● **WHAT IS NEEDED**
A faithful copy is needed of the lines below from the one with "10 Triple Internet 100 Mb + TV + Móvil 20 Gb" up to and including the one with "Miniatura 9 de"; set it down with no pictures and no other lines.

● **DATA FOR THE TASK**
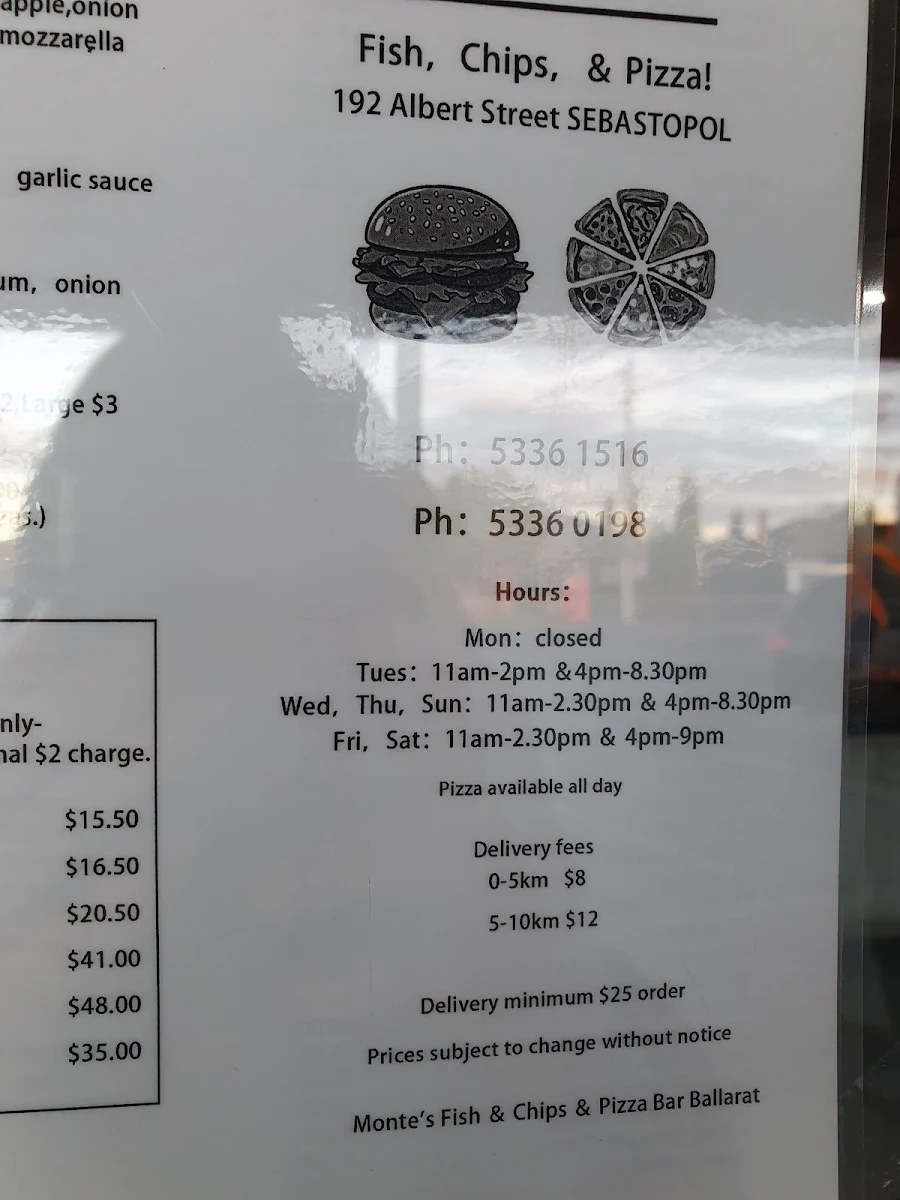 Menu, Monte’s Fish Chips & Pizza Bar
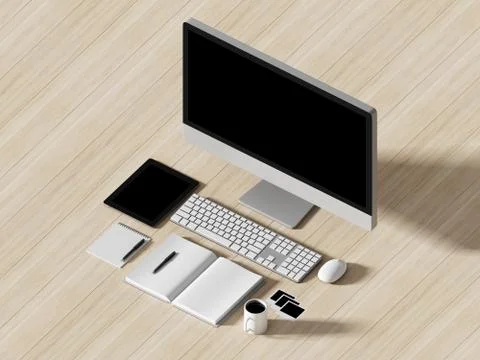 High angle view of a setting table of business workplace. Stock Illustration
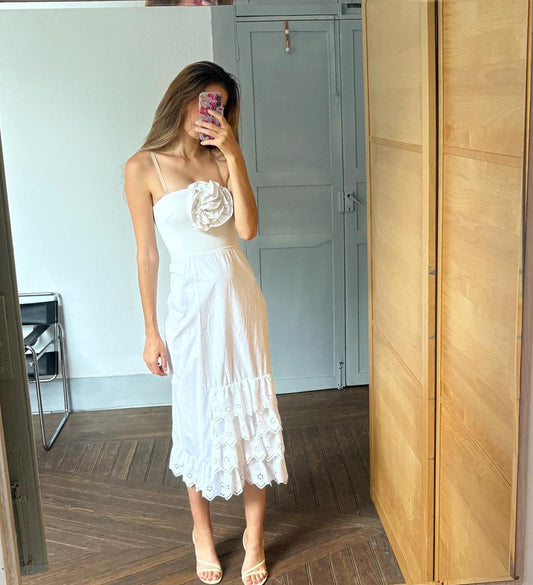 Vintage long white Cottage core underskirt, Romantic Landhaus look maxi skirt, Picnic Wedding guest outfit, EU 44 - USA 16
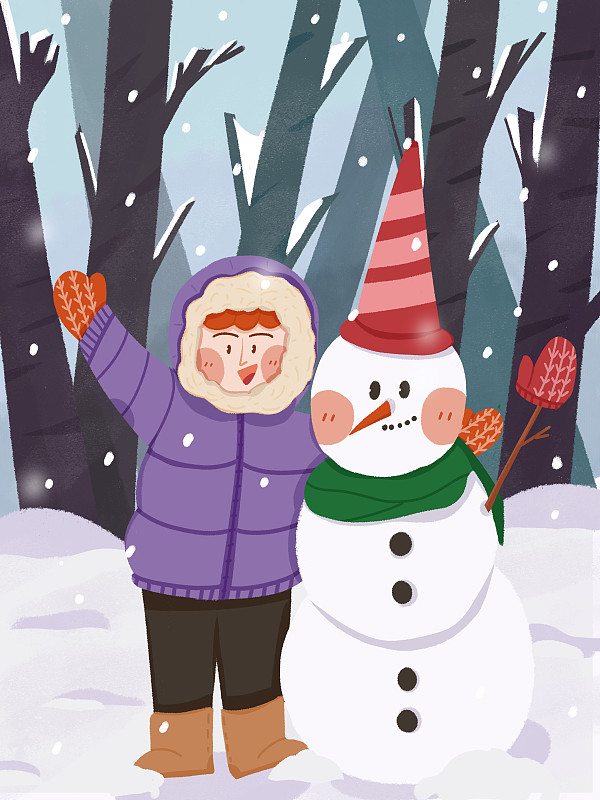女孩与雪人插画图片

--

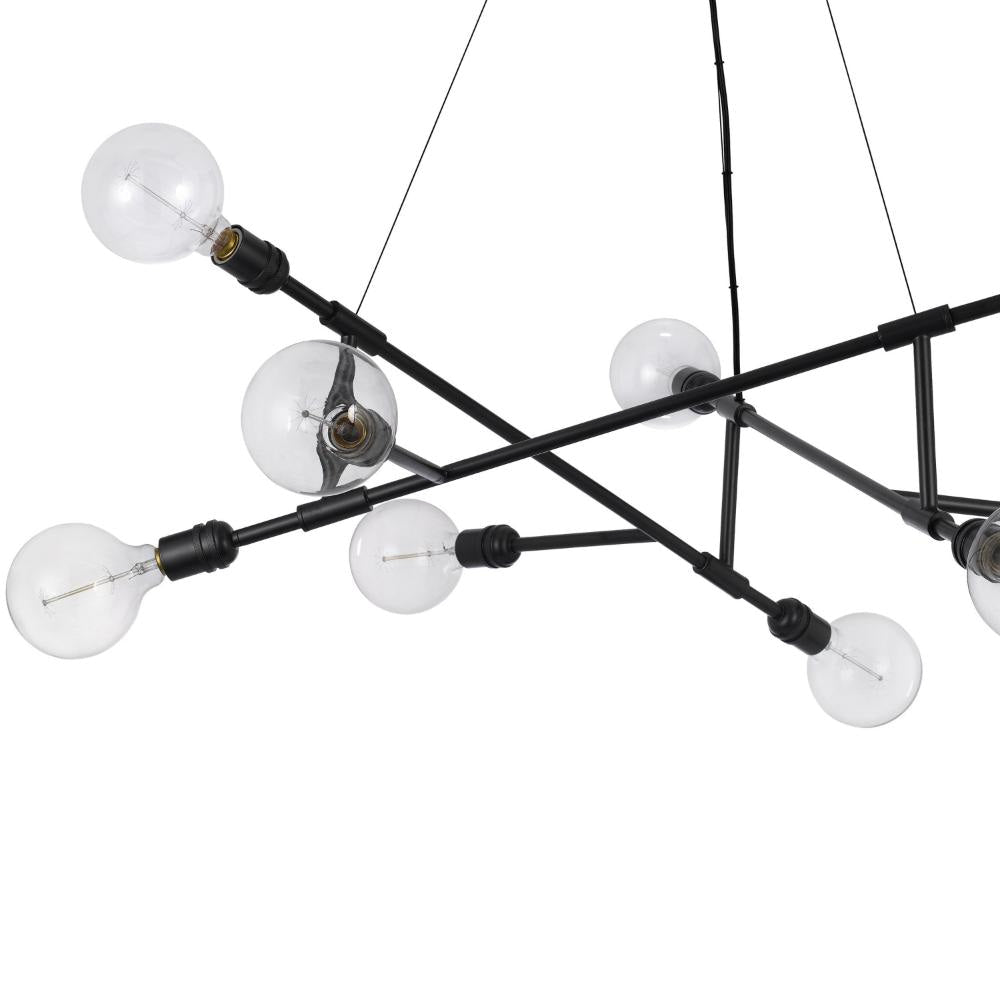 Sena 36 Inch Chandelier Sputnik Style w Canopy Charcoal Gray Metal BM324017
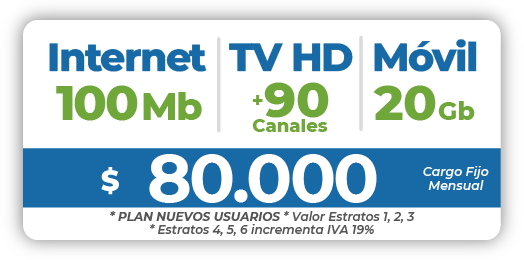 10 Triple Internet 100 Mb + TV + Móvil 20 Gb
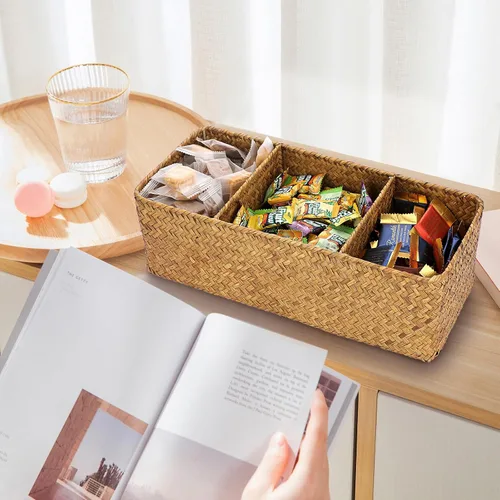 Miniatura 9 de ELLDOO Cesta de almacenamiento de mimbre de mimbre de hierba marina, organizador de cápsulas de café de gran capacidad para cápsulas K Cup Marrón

● **RESULT OF THIS TASK**
 10 Triple Internet 100 Mb + TV + Móvil 20 Gb
 Miniatura 9 de ELLDOO Cesta de almacenamiento de mimbre de mimbre de hierba marina, organizador de cápsulas de café de gran capacidad para cápsulas K Cup Marrón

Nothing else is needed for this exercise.